* [RECORD SET]:

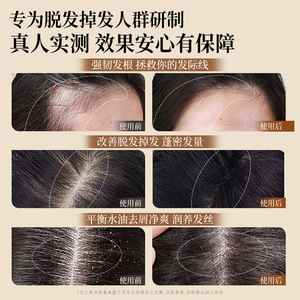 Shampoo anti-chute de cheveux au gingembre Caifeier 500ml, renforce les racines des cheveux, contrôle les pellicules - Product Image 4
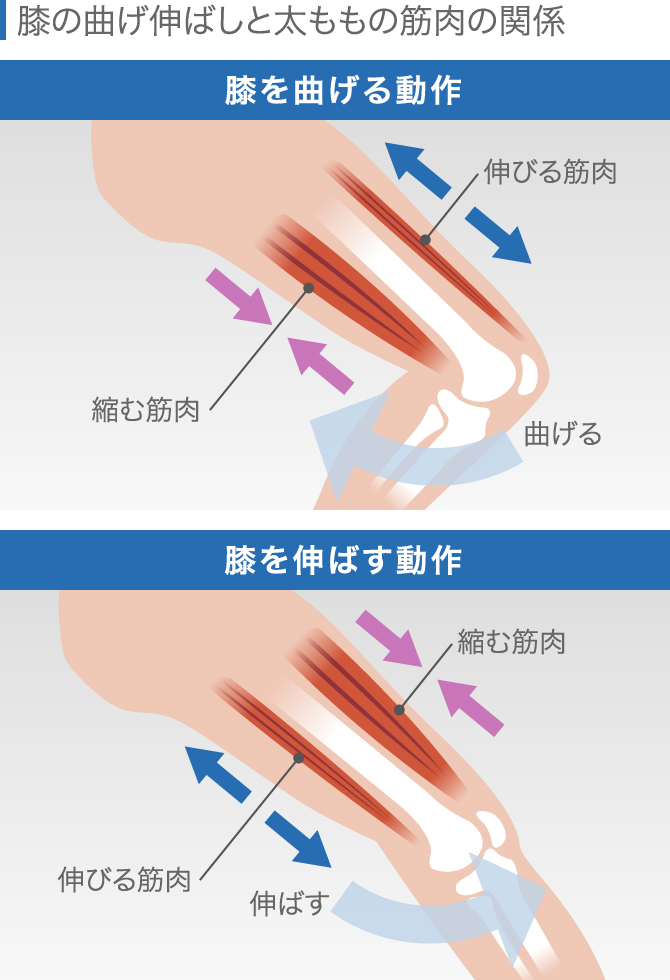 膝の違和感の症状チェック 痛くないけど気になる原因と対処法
--
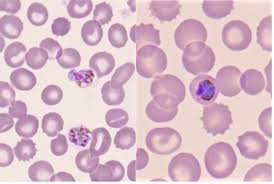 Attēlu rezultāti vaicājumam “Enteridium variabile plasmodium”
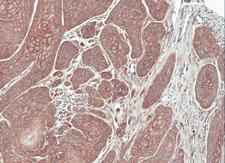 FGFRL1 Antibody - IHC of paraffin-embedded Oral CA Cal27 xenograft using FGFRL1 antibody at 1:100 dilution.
...
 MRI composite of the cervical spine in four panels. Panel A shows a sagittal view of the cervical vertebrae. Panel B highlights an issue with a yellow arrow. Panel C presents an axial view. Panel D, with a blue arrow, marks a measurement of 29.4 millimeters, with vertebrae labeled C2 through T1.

* [REQUIREMENT]: Could you write out exactly the lines of the data above that run from the one holding "Shampoo anti-chute de" to the one holding "膝の違和感の症状チェック 痛くないけど気になる原因と対処法", with both ends in and all pictures out?

* [TASK RESPONSE]:
 Shampoo anti-chute de cheveux au gingembre Caifeier 500ml, renforce les racines des cheveux, contrôle les pellicules - Product Image 4
 膝の違和感の症状チェック 痛くないけど気になる原因と対処法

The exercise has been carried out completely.